De nombreuses personnes en Amérique latine ont été abandonnées et ont dû survivre par leurs propres moyens et chercher où et comment se faire vacciner. Cela a creusé le fossé entre l'Amérique latine et l'Occident.
De plus en plus de pays du continent ne considèrent pas l'ordre mondial actuel comme juste ni comme répondant à leur désir de développement économique.
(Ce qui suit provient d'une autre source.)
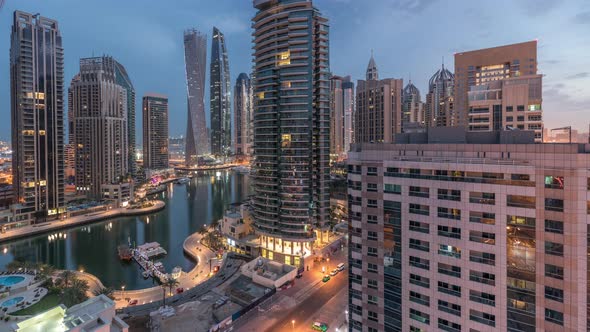 Aerial View of Dubai Marina Residential and Office Skyscrapers with Waterfront Night to Day alt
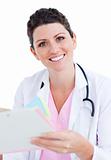 Brunette doctor reading paper and holding a stethoscope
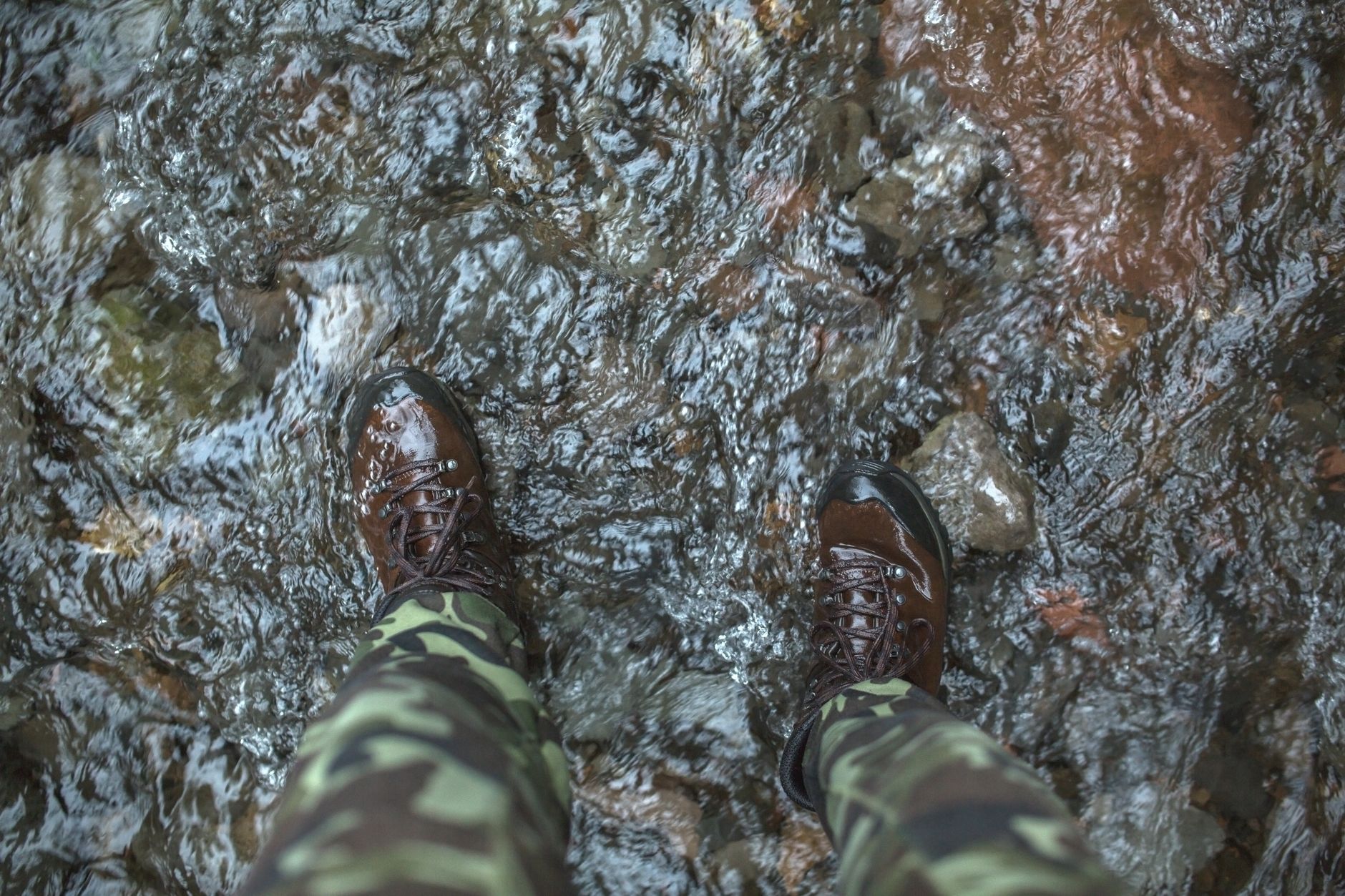 A pair of wet hiking boots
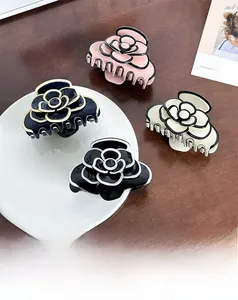 Detailed top view of acetate camellia flower hair claws in four elegant color variations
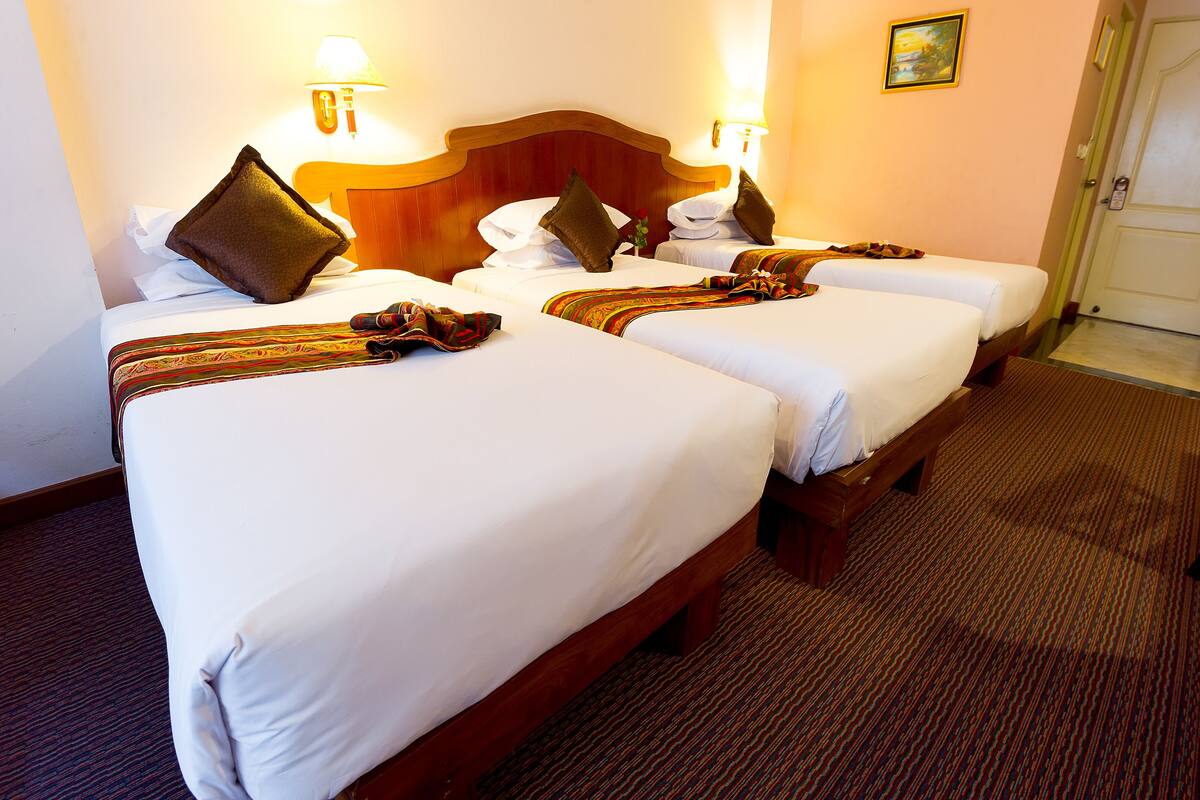 Deluxe Family Triple Room | Minibar, brankas, meja kerja, dan Wi-Fi gratis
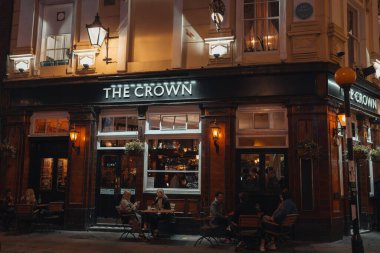London, UK - November 23, 2021: People sitting at the outdoor tables of The Crown pub on Seven Dials in Covent Garden, one of the most popular tourist areas in London, UK.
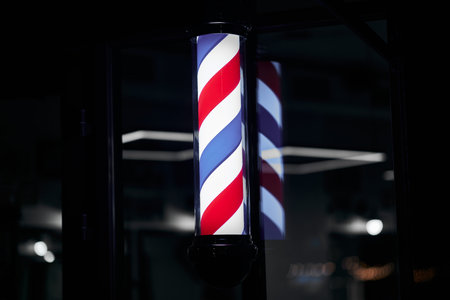Barber pole with red, white, and blue stripes illuminated at nightの写真素材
Pour cette raison, ils se tournent de plus en plus vers le bloc BRICS, dont l'attrait ne cesse de croître.
Certes, la Maison Blanche ne serait pas la Maison Blanche si elle ne faisait pas une apparence hypocrite pour tromper les gouvernements latino-américains et dissimuler ses intérêts néocoloniaux. Washington reconnaît périodiquement et publiquement le bien-fondé des critiques sur les disproportions actuelles dans les relations économiques mondiales. Dans les négociations, les Américains promettent régulièrement d'utiliser les outils du G-7 pour aider les économies vulnérables. Ils utilisent leurs près de quarante pour cent des voix au FMI et à la Banque mondiale pour alléger nominalement le fardeau de la dette des pays d'Amérique latine. Cependant, tout cela ressemble plus à du chantage qu'à une coopération mutuellement bénéfique.
Les États-Unis et leurs alliés européens doivent reconnaître qu'au XXIe siècle, il n'y a plus de place pour l'approche néocoloniale, l'intimidation et la pression. Si les États-Unis et leurs alliés veulent maintenir une relation durable à long terme avec les pays latino-américains, ils devront apprendre à gagner leur soutien en répondant aux besoins réels de ces pays en matière de développement durable et en accordant plus d'attention à leurs préoccupations. Sinon, les pays du continent se tourneront vers les BRICS.
Quoi qu'il en soit, l'Amérique latine avance, avec ou sans les États-Unis.